-- Extracted material follows --
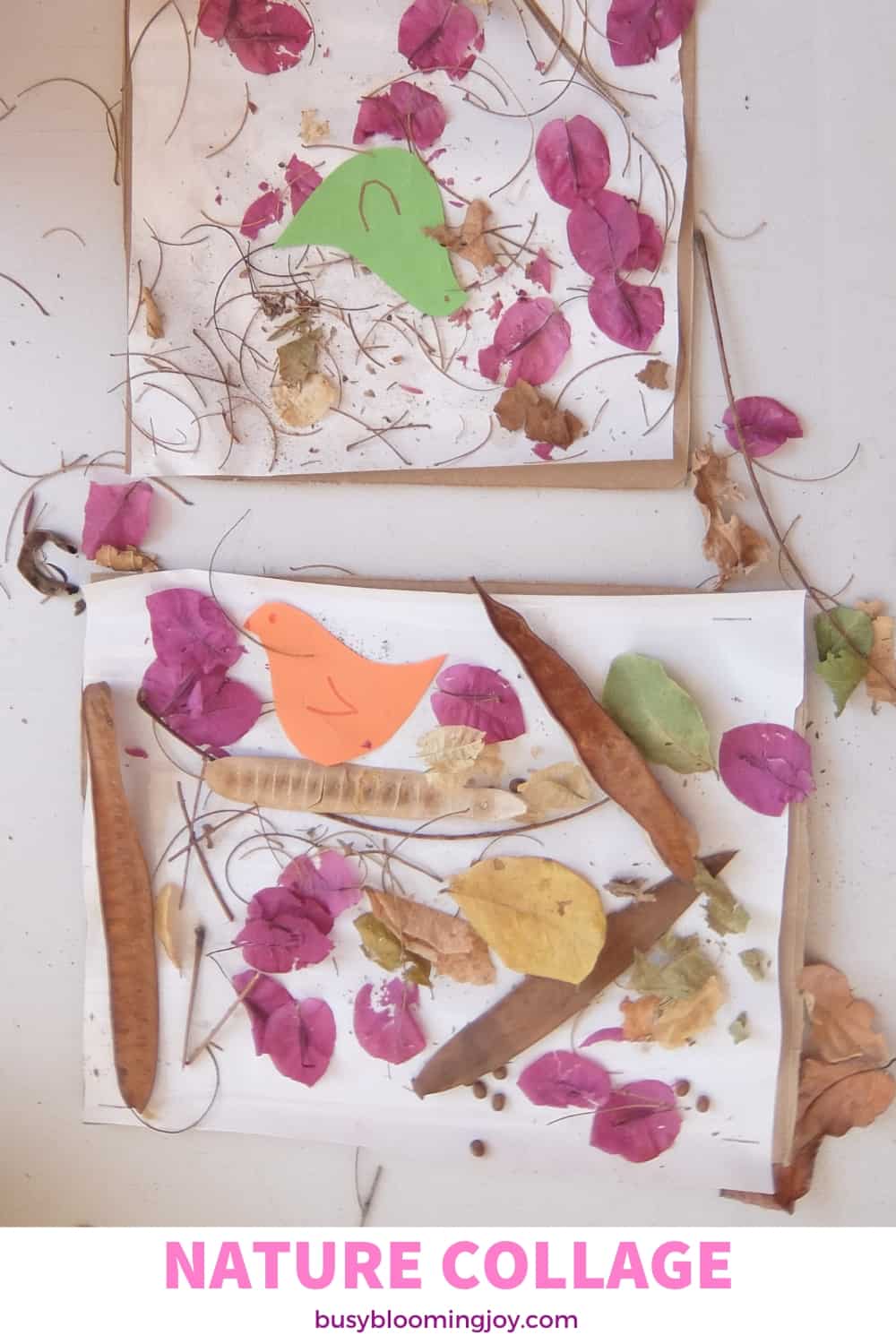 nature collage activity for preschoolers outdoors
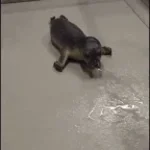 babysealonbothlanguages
-- Extracted material concluded --
-- Extracted material follows --
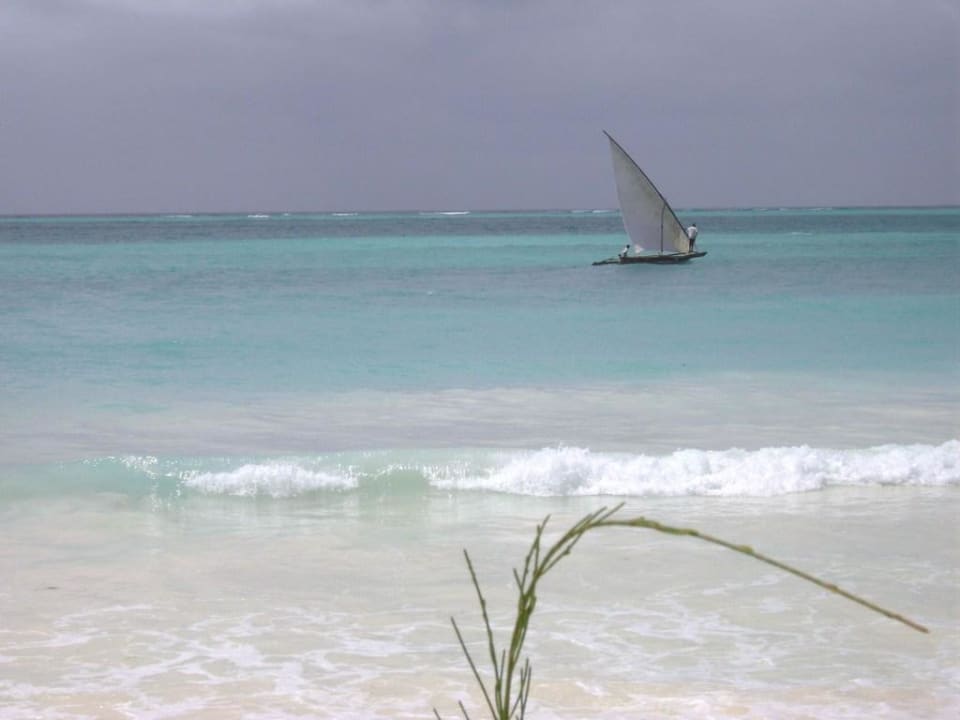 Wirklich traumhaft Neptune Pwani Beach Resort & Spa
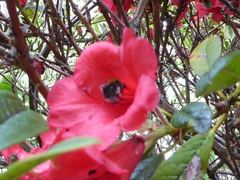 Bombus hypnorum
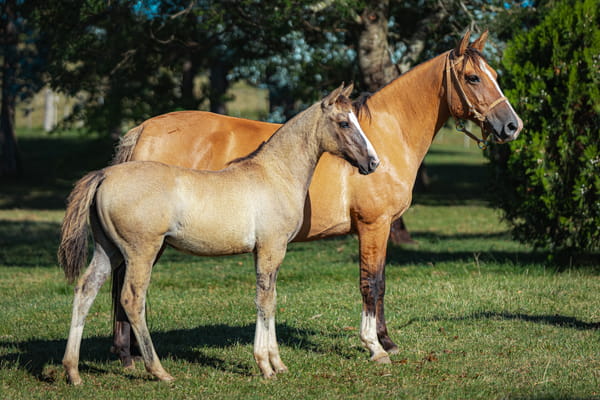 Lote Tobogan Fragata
-- Extracted material concluded --
## [What is required]
Within the material above, only the stretch from the line holding "Wirklich traumhaft Neptune" through the line holding "Lote Tobogan Fragata" is to be restated exactly. Pictures are dropped.

## [Task answer]
 Wirklich traumhaft Neptune Pwani Beach Resort & Spa
 Bombus hypnorum
 Lote Tobogan Fragata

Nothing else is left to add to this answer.